A Guide to Recognizing Your Saints bir New York hikayesi. Sundance'de bu sene en iyi yönetmeni almış. Yönetmen öz yaşam öyküsünü önce kitaplaştırmış, daha sonra da sinemaya aktarmış. İnsana dair bir hikaye. Tepeden bakıldığında New York'un kenar mahallelerinde yokluk, yoksulluk, şiddet ve eğitimsizlikten kaçan yazarın kendi iç hesaplaşması olarak görülebilecek filmde parça parça bir çok hikaye vardı. Baba oğul, anne oğul, ergenlik ilişkileri üstüne bir sürü ufak tefek plan. Filmde en çok sevdiğim bölüm yukarıda fotografı olan anne ve oğulun uzun uzun konuşması oldu. 15 sene sonra baba evine dönen oğluna özlemini dile getiren anne. Çok etkileyici idi.

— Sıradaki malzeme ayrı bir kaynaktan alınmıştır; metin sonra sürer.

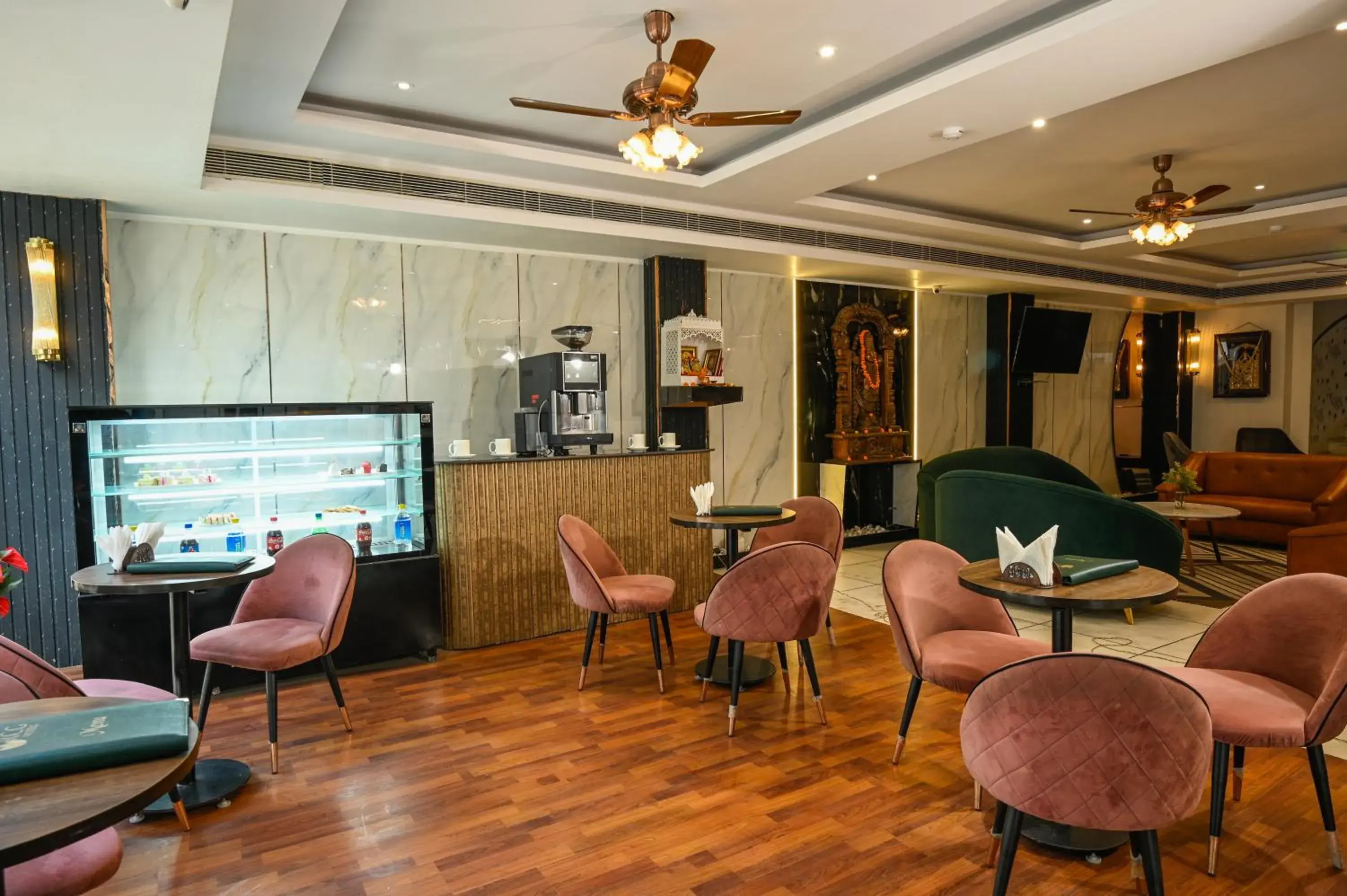 Restaurant/places to eat in Hotel Krishna Deluxe-By RCG Hotels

Düz bir çekimle sizi melankoniye gark edebilecek bir hikaye kurgu teknikleri kullanılarak seyirciden yeterince uzaklaştırılmış. Oyunculuk çok güzel kotarılmış. Özellikle filmin uzun bir kısmında filme egemen olan ergenlik çağındaki veletler işlerini iyi yapmışlar. Nette okudum bir çok yazı Antonio'u oynayan elemanın oyunculuğunu beğenmiş ben se anne ve bababın oyunculuklarından çok etkilendim. Kadın filmin başındaki annenin Dito'ya telofon ettiği sahnede çok üst düzey bir oyunculuk ortaya koydu.
Neyse, film dün itibarı ile Ankara'mızı terketti. İzlemeyenlere DVDsinde oldun seyretmelerini öneririm. Amerikan Bağımsız Sinemasını seviyoruz.